Your job is to print, exactly, the lines in the data below from the line with "Moroso SBF Spark" through the line with "Abs Electroplate Air", both included, and to omit any picture.

-- TASK MATERIAL follows --

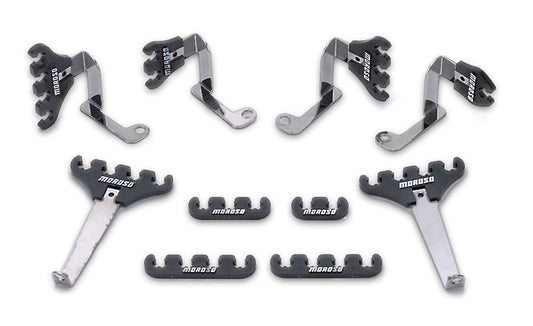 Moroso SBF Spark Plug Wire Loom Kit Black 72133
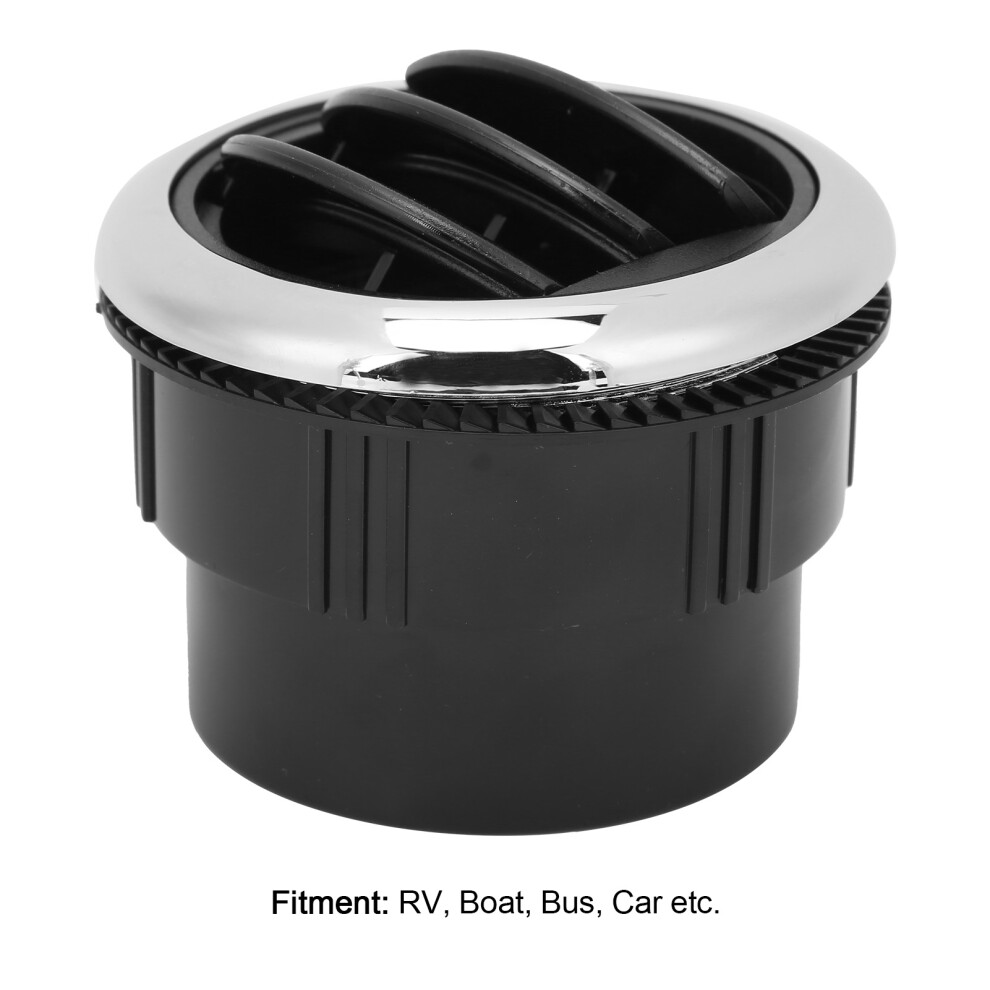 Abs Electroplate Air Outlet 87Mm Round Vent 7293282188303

-- TASK MATERIAL concluded --
-- TASK MATERIAL follows --

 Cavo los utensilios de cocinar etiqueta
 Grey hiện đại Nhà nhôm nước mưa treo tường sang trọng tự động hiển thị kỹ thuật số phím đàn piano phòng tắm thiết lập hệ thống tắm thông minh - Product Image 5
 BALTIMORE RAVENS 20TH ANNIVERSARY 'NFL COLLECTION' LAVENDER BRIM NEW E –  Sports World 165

-- TASK MATERIAL concluded --

WRITTEN SOLUTION>
 Moroso SBF Spark Plug Wire Loom Kit Black 72133
 Abs Electroplate Air Outlet 87Mm Round Vent 7293282188303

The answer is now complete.